[jcifs] OutOfMemoryError unable to create new native thread

Sun Mar 7 13:03:26 MST 2010

Michael B Allen <ioplex <at> gmail.com> writes:

> 
> Hi Peter,
> 
> The whole point of the QueryThread is to allow simultaneous lookups
> such that the first valid response is used immediately without
> waiting. So by adding join you basically completely defeat the purpose
> of using QueryThreads at all. You might as well just dump the
> QueryThreads entirely and perform to synchronous lookups.
> 
> First, try playing with the name service properties. Try setting
> jcifs.resolveOrder=DNS. I think that might stop the NetBIOS lookups
> entirely. Of course you'll then need to use only fully qualified DNS
> hostnames.
> 
> Otherwise, you'll need to look at why these lookups are being
> generated at such a high frequency in the first place. You must be
> using an awful lot of threads if you eventually end up spawing 1900
> lookups in which case you might want to analyze and determine if using
> that many threads is really increasing overall throughput. Or prevent
> all of the threads from starting at the same time so that the result
> of the lookups have a chance to be cached.
> 
> Regarding the cache, if it turns out that increasing
> jcifs.netbios.cachePolicy reduces the frequency of the lookups, then
> that is actually a good solution. These names do not change
> frequently. The default value is low only because in almost all cases
> it doesn't need to be higher. It's only when someone is trying to do
> 100 lookups at the same exact instant that it matters. This is why we
> provide for changing these properties.
> 
> Mike

Hi Michael,

Thanks for responding. And for pointing to the possible tuning.

However, probably I wasn't clear enough in the description of the problem.
Let me try to clarify that.

The problem is not that our app creates too many threads. Our app doesn't do
that. The problem is that the JCIFS library creates those too many threads. In
our case when we hit the OufOfMemoryError, there are more than 1800 JCIFS
QueryThreadS alive, causing the problem.
The tuning might push the problem further (or hide in some cases), but not fix
it.

Please, check the test case I've sent.
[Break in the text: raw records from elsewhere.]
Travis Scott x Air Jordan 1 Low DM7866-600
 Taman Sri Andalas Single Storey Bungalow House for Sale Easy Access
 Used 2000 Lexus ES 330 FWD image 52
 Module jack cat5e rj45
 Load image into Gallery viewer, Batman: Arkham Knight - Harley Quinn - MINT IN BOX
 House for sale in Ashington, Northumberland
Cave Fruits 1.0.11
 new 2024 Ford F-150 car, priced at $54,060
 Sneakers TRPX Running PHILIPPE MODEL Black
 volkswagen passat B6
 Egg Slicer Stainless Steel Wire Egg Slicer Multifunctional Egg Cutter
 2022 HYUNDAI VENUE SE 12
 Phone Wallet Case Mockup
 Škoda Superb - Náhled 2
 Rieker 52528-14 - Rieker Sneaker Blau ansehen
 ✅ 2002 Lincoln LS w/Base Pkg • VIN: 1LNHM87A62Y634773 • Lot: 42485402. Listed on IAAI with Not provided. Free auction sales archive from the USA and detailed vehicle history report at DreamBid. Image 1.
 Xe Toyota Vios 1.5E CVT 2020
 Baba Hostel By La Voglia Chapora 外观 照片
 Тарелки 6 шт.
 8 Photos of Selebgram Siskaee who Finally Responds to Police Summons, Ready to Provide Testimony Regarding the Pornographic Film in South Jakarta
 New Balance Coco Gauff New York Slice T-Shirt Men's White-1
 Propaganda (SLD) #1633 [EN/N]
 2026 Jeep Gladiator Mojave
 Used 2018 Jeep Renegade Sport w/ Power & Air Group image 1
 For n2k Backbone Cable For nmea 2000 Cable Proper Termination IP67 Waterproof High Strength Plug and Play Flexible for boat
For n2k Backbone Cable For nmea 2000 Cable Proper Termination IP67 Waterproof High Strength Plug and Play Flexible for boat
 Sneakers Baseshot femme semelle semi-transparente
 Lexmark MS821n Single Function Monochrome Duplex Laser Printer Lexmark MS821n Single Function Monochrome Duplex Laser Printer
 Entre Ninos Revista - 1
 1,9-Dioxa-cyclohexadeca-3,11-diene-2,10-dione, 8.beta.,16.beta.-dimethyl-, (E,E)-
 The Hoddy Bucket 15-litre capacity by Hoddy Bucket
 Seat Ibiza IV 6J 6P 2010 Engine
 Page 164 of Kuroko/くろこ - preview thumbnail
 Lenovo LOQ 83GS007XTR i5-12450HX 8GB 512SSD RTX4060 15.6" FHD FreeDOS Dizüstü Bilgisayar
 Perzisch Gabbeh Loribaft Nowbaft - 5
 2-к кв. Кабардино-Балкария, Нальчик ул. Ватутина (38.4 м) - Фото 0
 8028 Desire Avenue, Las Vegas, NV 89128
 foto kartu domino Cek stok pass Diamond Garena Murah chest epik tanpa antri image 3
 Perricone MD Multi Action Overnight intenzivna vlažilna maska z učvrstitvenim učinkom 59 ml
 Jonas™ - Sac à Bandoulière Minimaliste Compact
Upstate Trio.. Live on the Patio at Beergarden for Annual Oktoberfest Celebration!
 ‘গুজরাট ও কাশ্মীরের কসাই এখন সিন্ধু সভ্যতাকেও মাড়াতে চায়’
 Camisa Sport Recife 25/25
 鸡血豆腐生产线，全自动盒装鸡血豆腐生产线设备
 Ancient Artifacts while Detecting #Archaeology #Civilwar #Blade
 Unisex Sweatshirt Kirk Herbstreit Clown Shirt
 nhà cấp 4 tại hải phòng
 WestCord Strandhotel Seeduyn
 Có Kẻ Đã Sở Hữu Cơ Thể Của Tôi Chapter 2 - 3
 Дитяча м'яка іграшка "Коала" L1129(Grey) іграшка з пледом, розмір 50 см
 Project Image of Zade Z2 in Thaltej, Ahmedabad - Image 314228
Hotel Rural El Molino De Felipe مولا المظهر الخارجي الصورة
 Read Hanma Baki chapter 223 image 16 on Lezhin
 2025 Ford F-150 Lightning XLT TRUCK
It's very simple and it should be easy
to understand, and if you hit the issue it dumps the threads alive, so you can
see that those threads are JCIFS QueryThreadS.
Please, also remove the property setting the cache to 0 - it seems I was wrong
in the assumption it could be tuned based on that property.

As you can see, the test itself doesn't create any new threads, it only sends
many lookup requests to the JCIFS. Those threads, which are getting created, are
JCIFS QueryThreads.
I hope you are able to reproduce the problem, it should be only a matter
of increasing the amount of the requests (and providing some DNS name).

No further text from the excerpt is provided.